▶ **Task instructions**
Could you retype every line below exactly, omitting the images?

▶ **Dataset section**
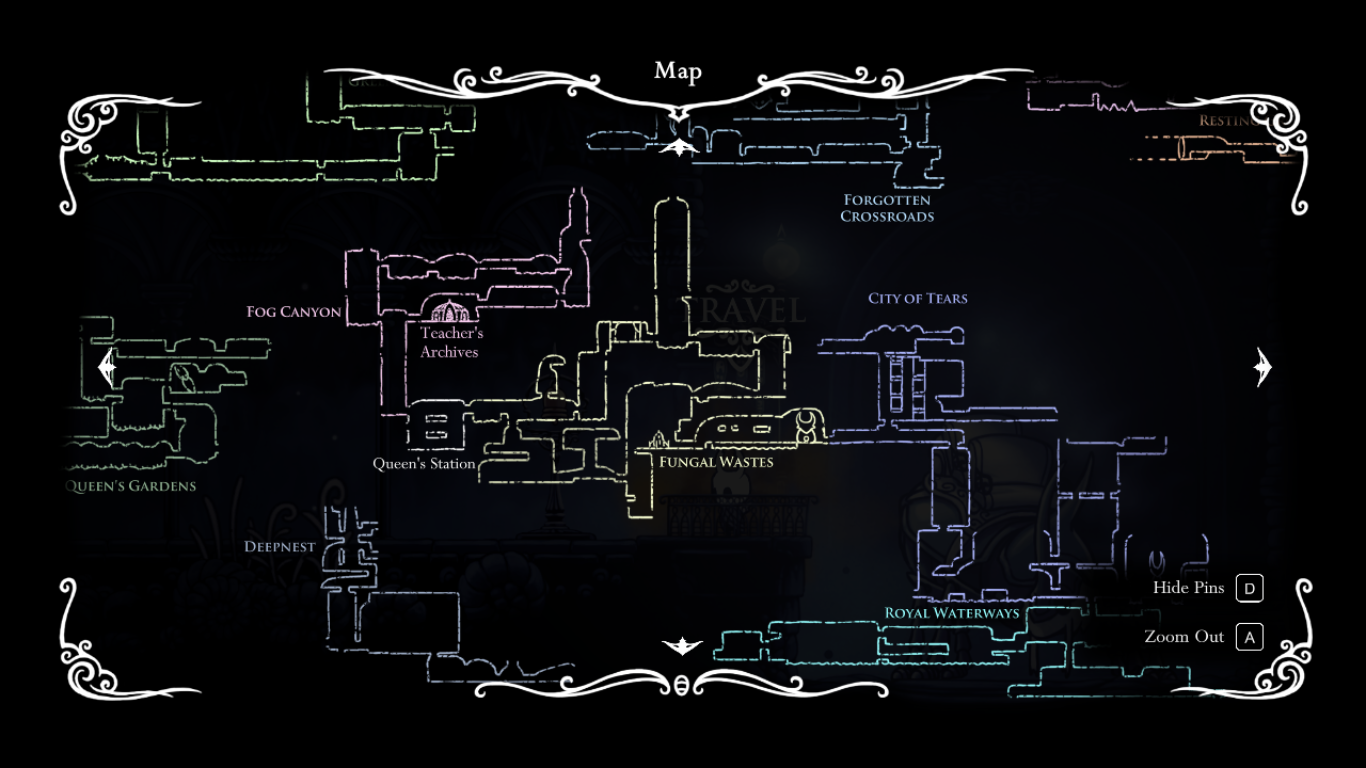 map without buying a quill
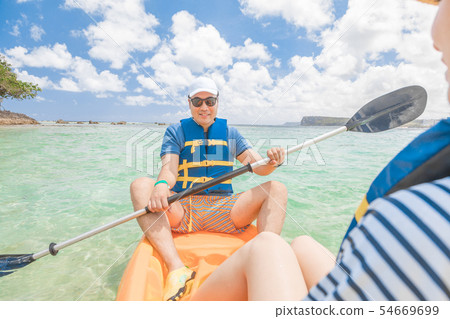 Overseas travel image Sea People Kayaking Leisure 54669699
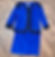 1980s Vintage Electric Blue Suede Skirt Suit Size 14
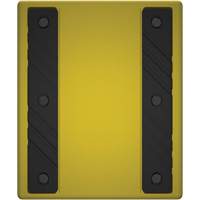 Cale de roue ultra-robuste pour l'exploitation mini&egrave;re Checkers Safety sans support, PEHD, Jaune, 14-1/2" la x 17-1/2" p x 16" h Southpoint Industrial Supply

▶ **Task output**
 map without buying a quill
 Overseas travel image Sea People Kayaking Leisure 54669699
 1980s Vintage Electric Blue Suede Skirt Suit Size 14
 Cale de roue ultra-robuste pour l'exploitation mini&egrave;re Checkers Safety sans support, PEHD, Jaune, 14-1/2" la x 17-1/2" p x 16" h Southpoint Industrial Supply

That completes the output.